Exercise description: Leave the pictures out. Return the rest of the listing below exactly.

Task inputs:
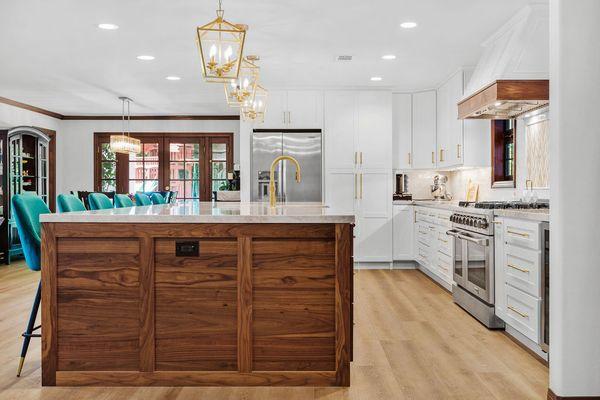 Transformed the space by knocking down walls, to create an open floor plan. Added 12ft island and customized a door to pantry & laundry.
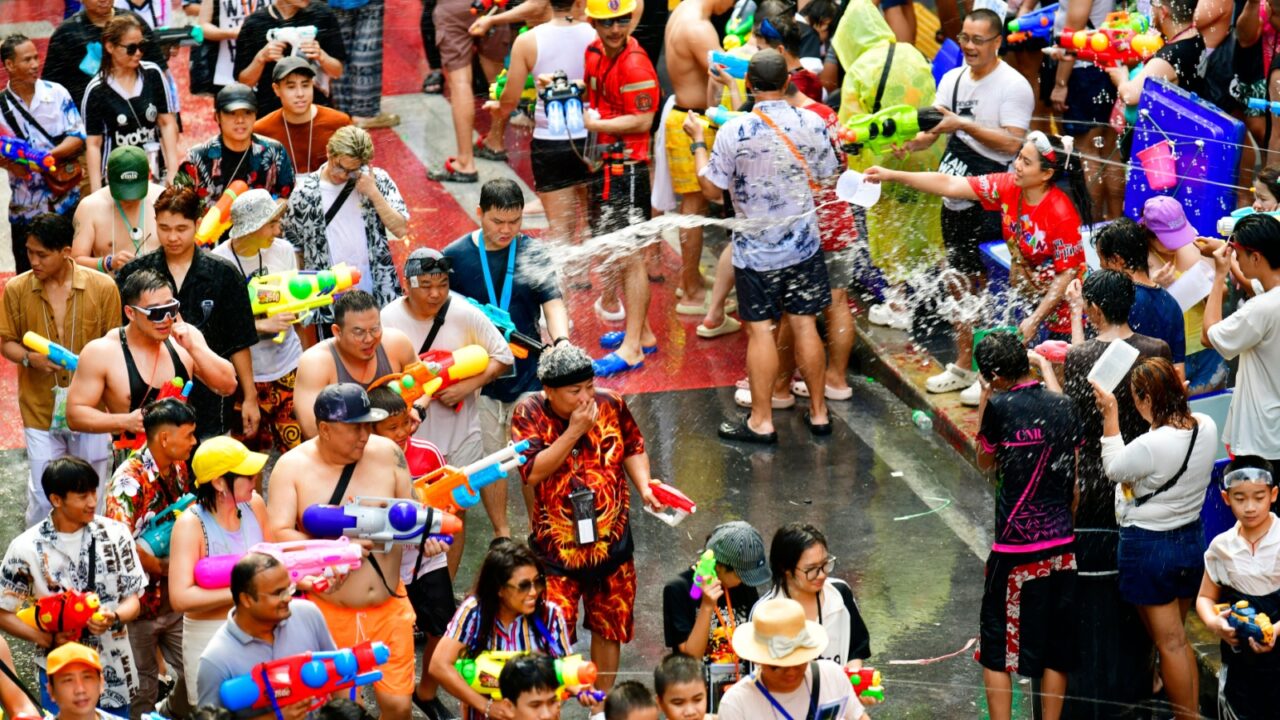 Bangkok, Thailand - April 14, 2025 : Hundreds of thousands of tourists from around the world gather for the Songkran Festival in Silom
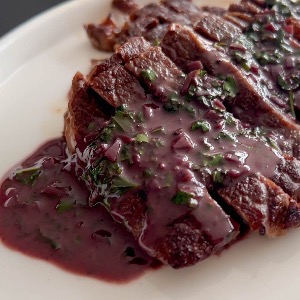 Rib eye in red wine sauce with mashed potatoes and red beets salad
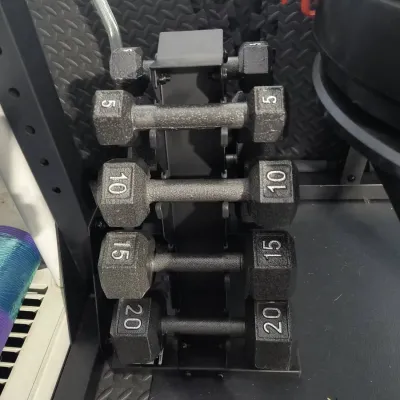 Set of cast iron hexagonal dumbbells ranging from 5 to 20 pounds, stored on a vertical black metal A-frame rack.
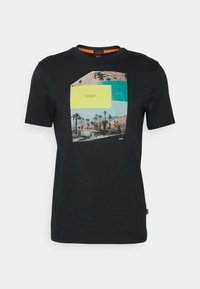 Svart kortärmad T-shirt med en färgglad grafik av Palm Springs, Kalifornien, som har palmer och berg.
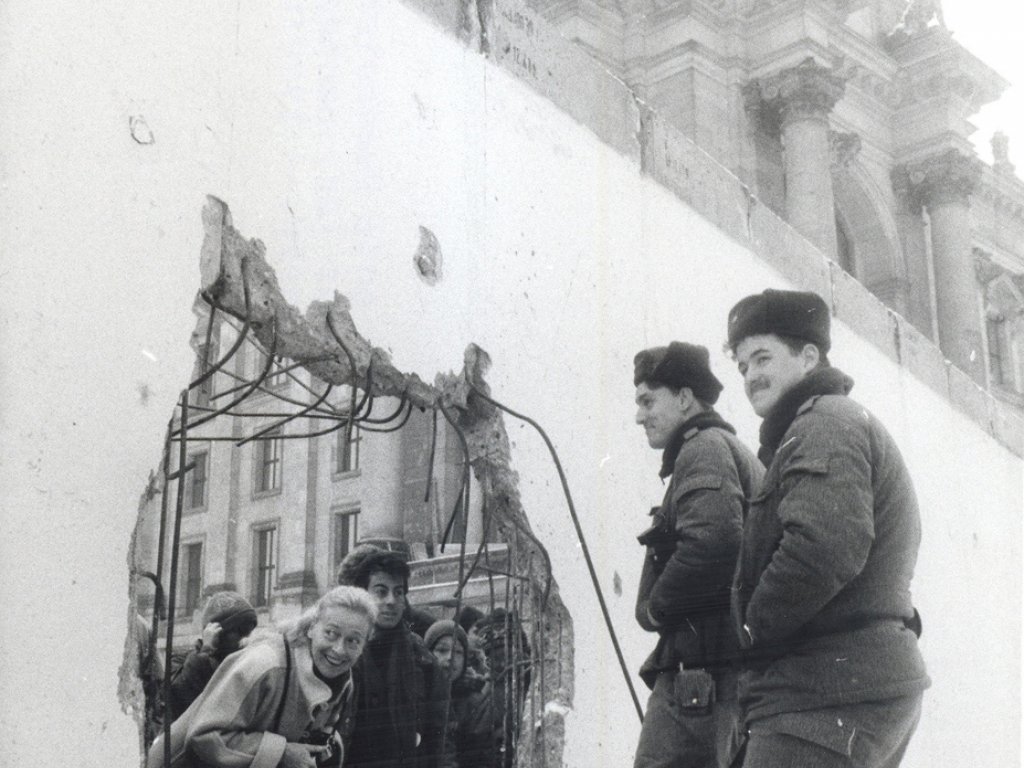 Mauerdurchbruch am Berliner Reichstagsgebäude, Januar 1990 Eine Frau steckt grinsend den Kopf durch ein großes Loch in der Mauer, weitere Menschen stehen hinter ihr. Auf der anderen Seite im Vordergrund stehen zwei lächelnde Grenzsoldaten, die sich mit den Menschen durch das Loch zu unterhalten scheinen. Im Hintergrund ist das Reichstagsgebäude zu erkennen.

Finished task:
 Transformed the space by knocking down walls, to create an open floor plan. Added 12ft island and customized a door to pantry & laundry.
 Bangkok, Thailand - April 14, 2025 : Hundreds of thousands of tourists from around the world gather for the Songkran Festival in Silom
 Rib eye in red wine sauce with mashed potatoes and red beets salad
 Set of cast iron hexagonal dumbbells ranging from 5 to 20 pounds, stored on a vertical black metal A-frame rack.
 Svart kortärmad T-shirt med en färgglad grafik av Palm Springs, Kalifornien, som har palmer och berg.
 Mauerdurchbruch am Berliner Reichstagsgebäude, Januar 1990 Eine Frau steckt grinsend den Kopf durch ein großes Loch in der Mauer, weitere Menschen stehen hinter ihr. Auf der anderen Seite im Vordergrund stehen zwei lächelnde Grenzsoldaten, die sich mit den Menschen durch das Loch zu unterhalten scheinen. Im Hintergrund ist das Reichstagsgebäude zu erkennen.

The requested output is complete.